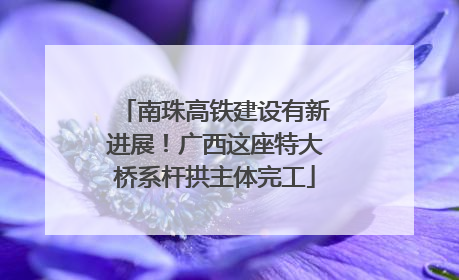 南珠高铁建设有新进展！广西这座特大桥系杆拱主体完工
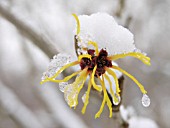 HAMAMELIS MOLLIS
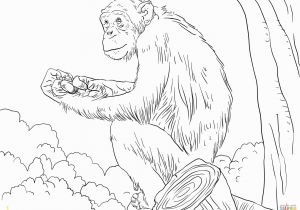 Chimp Coloring Pages Chimpanzee Coloring Pages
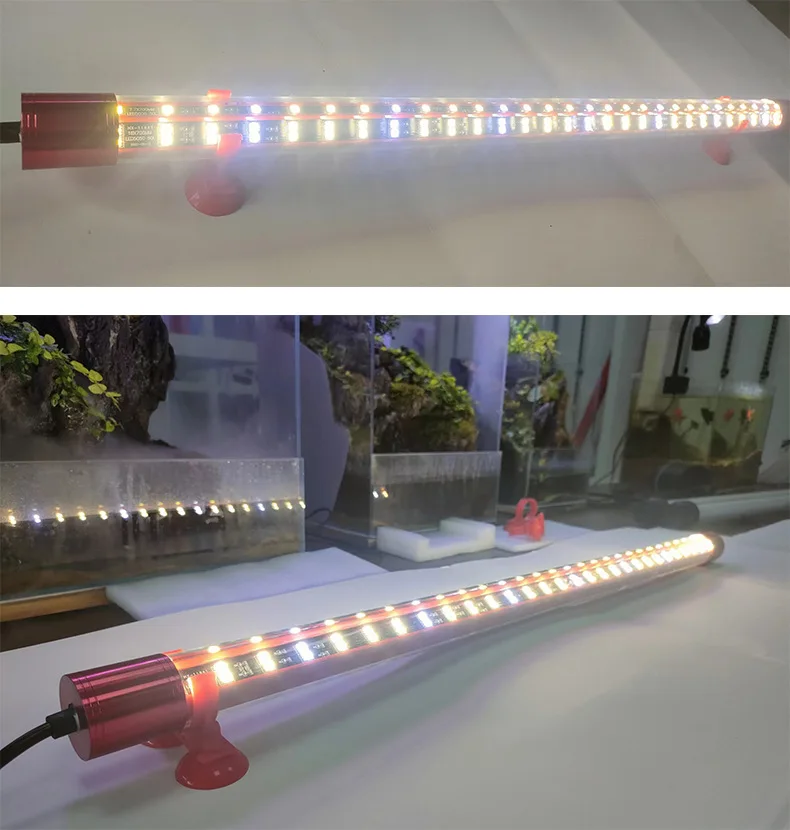 キ*ン様 Arowana Magical Light Series Koi light 5D Arowana special color magic light 240 degrees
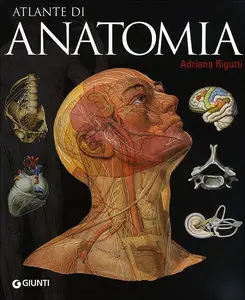 Atlante di Anatomia (2012)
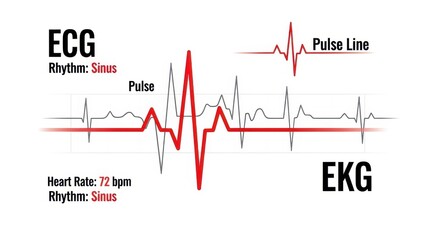 Obraz premium Detailed Medical Infographic of ECG and Pulse with Normal Sinus Rhythm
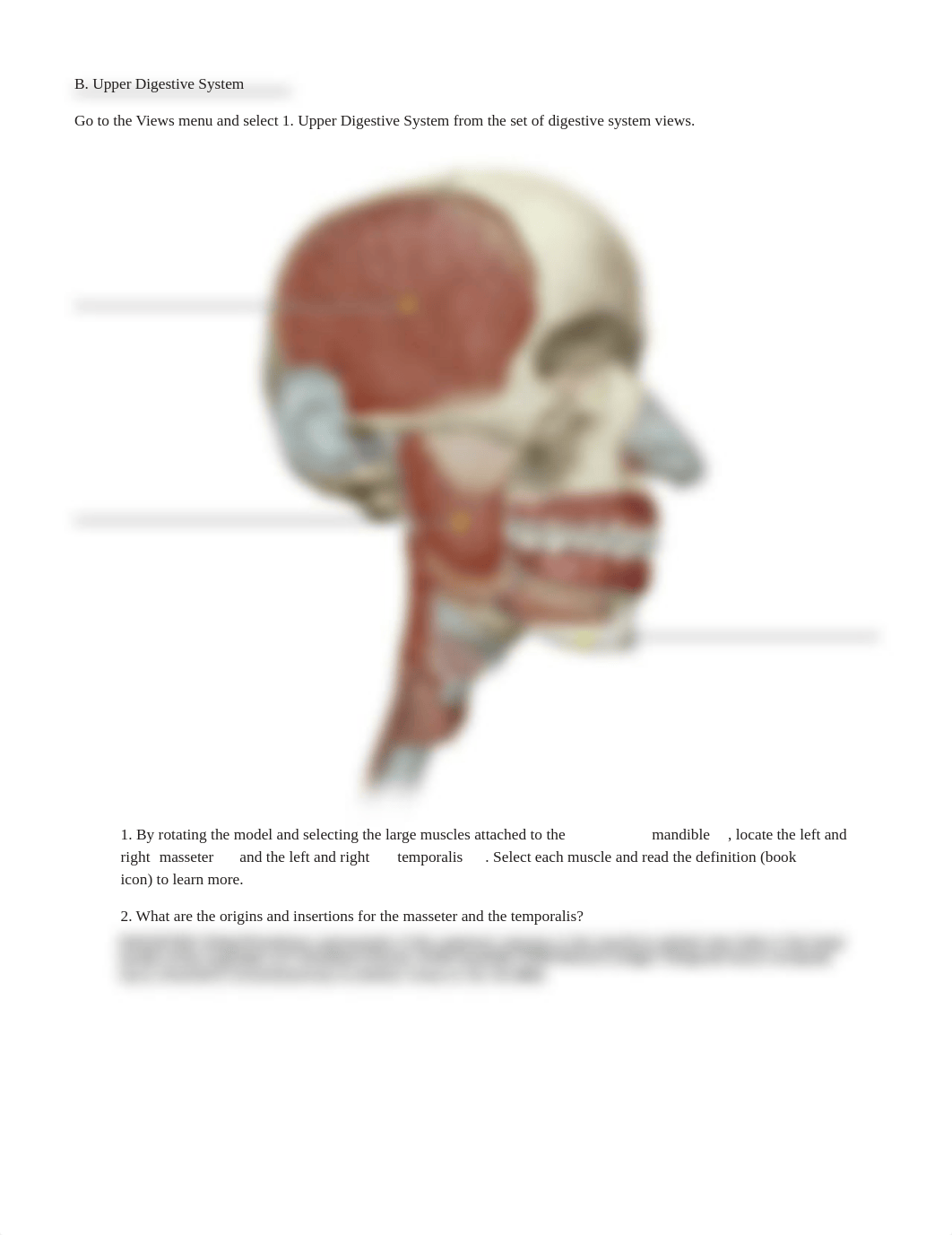 lab manual_digestive_atlas.pdf_d2n8j7gmg12_page3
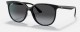 Солнцезащитные очки Солнцезащитные очки Ray-Ban RB4378 601/8G 54 Ray-Ban Ray-Ban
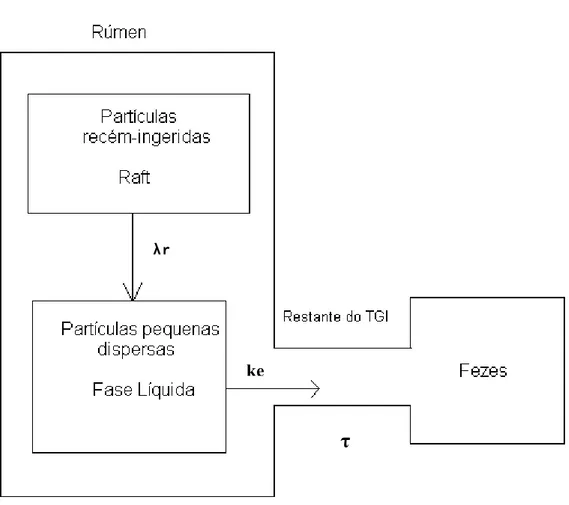 FIGURA 1 – Cinética de passagem de partículas no trato gastrintestinal (TGI). 
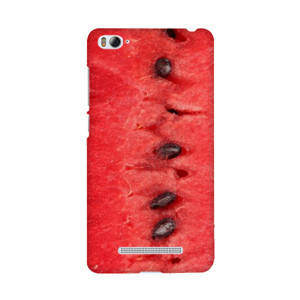 Fresh Watermelon  Casing HP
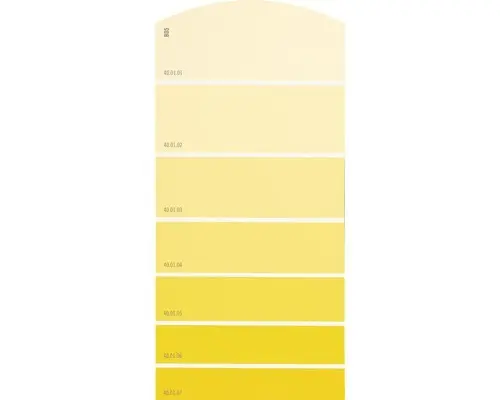 Farbmusterkarte B05 Farbwelt gelb 21x10 cm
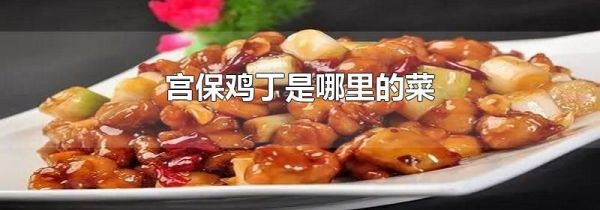 宫保鸡丁是哪里的菜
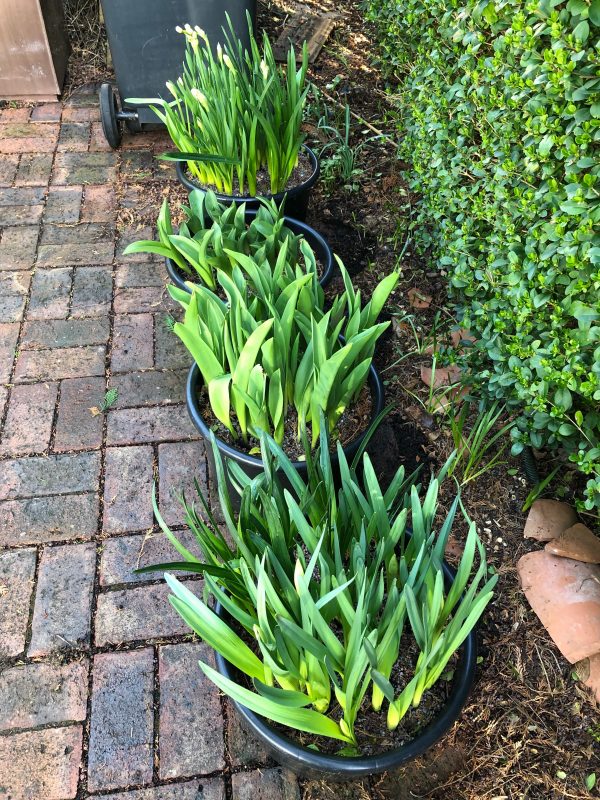 Small town garden flowers for cutting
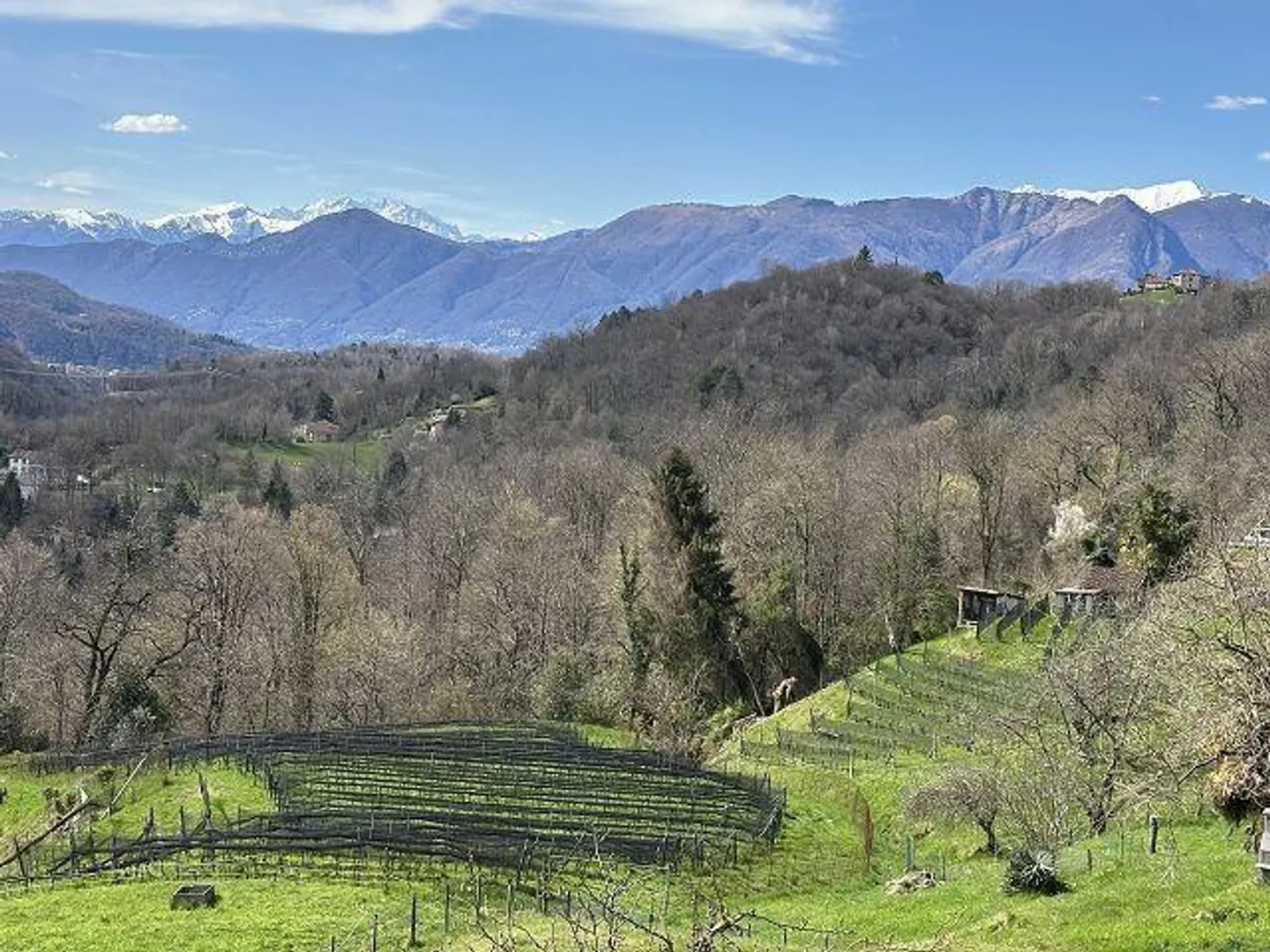 Maison de 4 pièces à rénover avec beaucoup de terrain dans un emplacement très calme et ensoleillé - Photo 8 sur 18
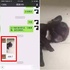 因為睡在廁所,三個月的法鬥「到家未滿72小時」就被主人打死:「笨死了,我再買一個」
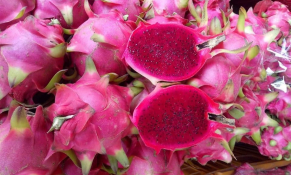 Đảm bảo dư lượng hóa chất nông nghiệp để hàng rau quả Việt tiến sâu vào các thị trường lớn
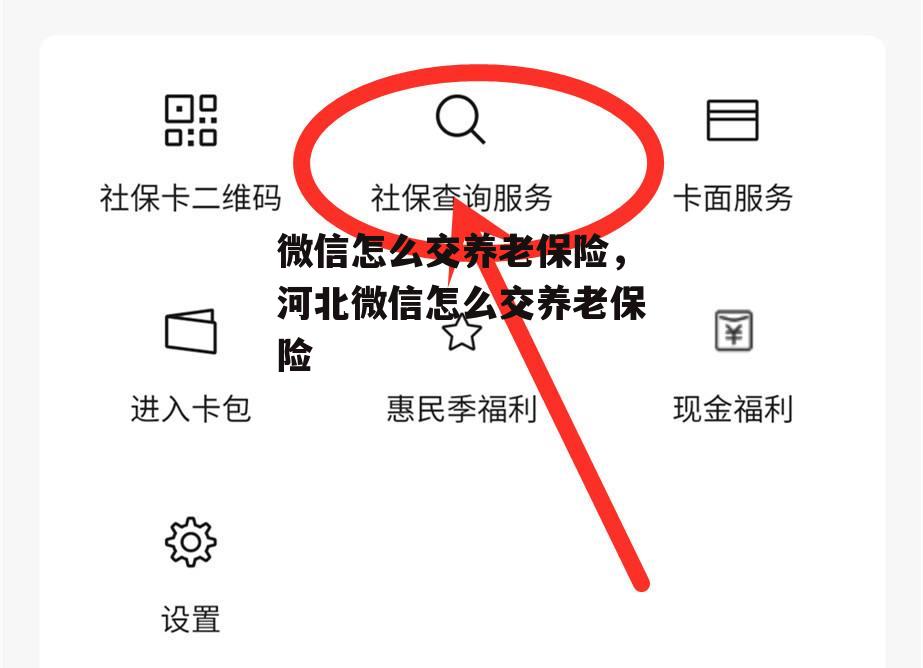 微信怎么交养老保险，河北微信怎么交养老保险
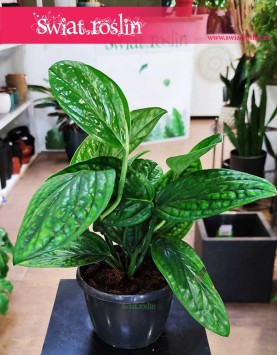 Scindapsus Marble Planet sklep z roślinami, Epipremnum Pinnatum Marble Planet, Monstera Karstenianum,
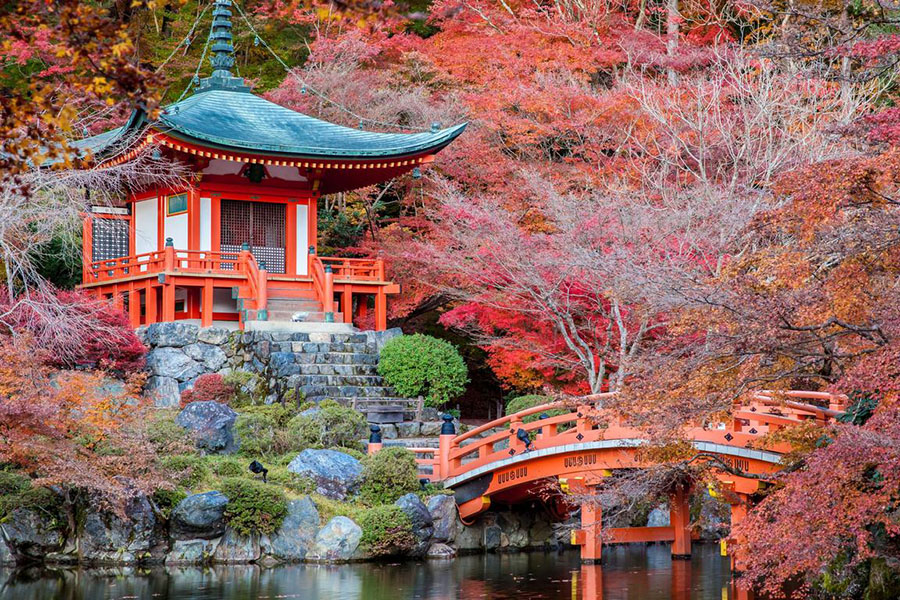 HÀ NỘI – TOKYO – PHÚ SĨ – HAKONE – KYOTO – OSAKA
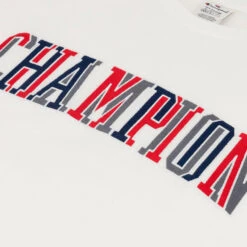 Camiseta Champion Bookstore 7 Camiseta Champion Bookstore -Nike Tienda de ventas camiseta champion bookstore white 2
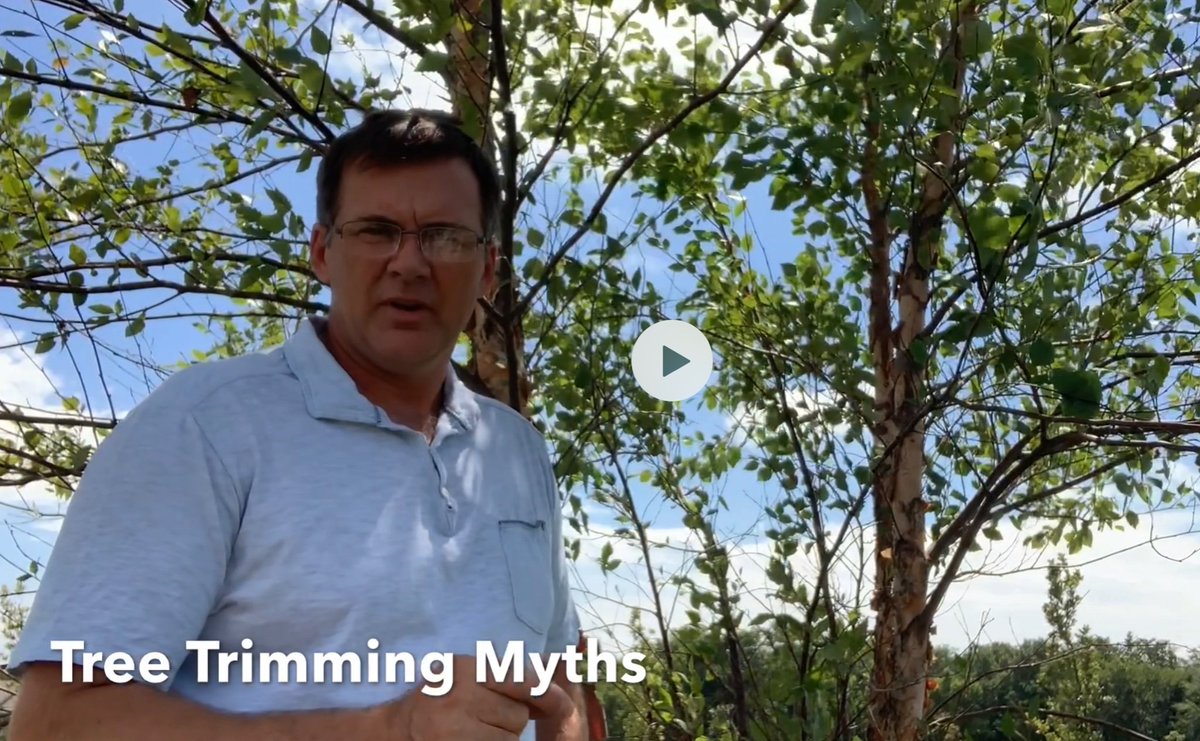 Olson Tree Care (OlsonTreeCare) Twitter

******************************

• WHAT IS EXPECTED
Your task is to copy only the lines above starting at the one containing "Atlante di Anatomia (2012)" and ending at the one containing "因為睡在廁所,三個月的法鬥「". Copy them exactly, both ends included, and omit the pictures.

• SOLVED EXERCISE
 Atlante di Anatomia (2012)
 Obraz premium Detailed Medical Infographic of ECG and Pulse with Normal Sinus Rhythm
 lab manual_digestive_atlas.pdf_d2n8j7gmg12_page3
 Солнцезащитные очки Солнцезащитные очки Ray-Ban RB4378 601/8G 54 Ray-Ban Ray-Ban
 FIGURA 1 – Cinética de passagem de partículas no trato gastrintestinal (TGI). 
 Fresh Watermelon  Casing HP
 Farbmusterkarte B05 Farbwelt gelb 21x10 cm
 宫保鸡丁是哪里的菜
 Small town garden flowers for cutting
 Maison de 4 pièces à rénover avec beaucoup de terrain dans un emplacement très calme et ensoleillé - Photo 8 sur 18
 因為睡在廁所,三個月的法鬥「到家未滿72小時」就被主人打死:「笨死了,我再買一個」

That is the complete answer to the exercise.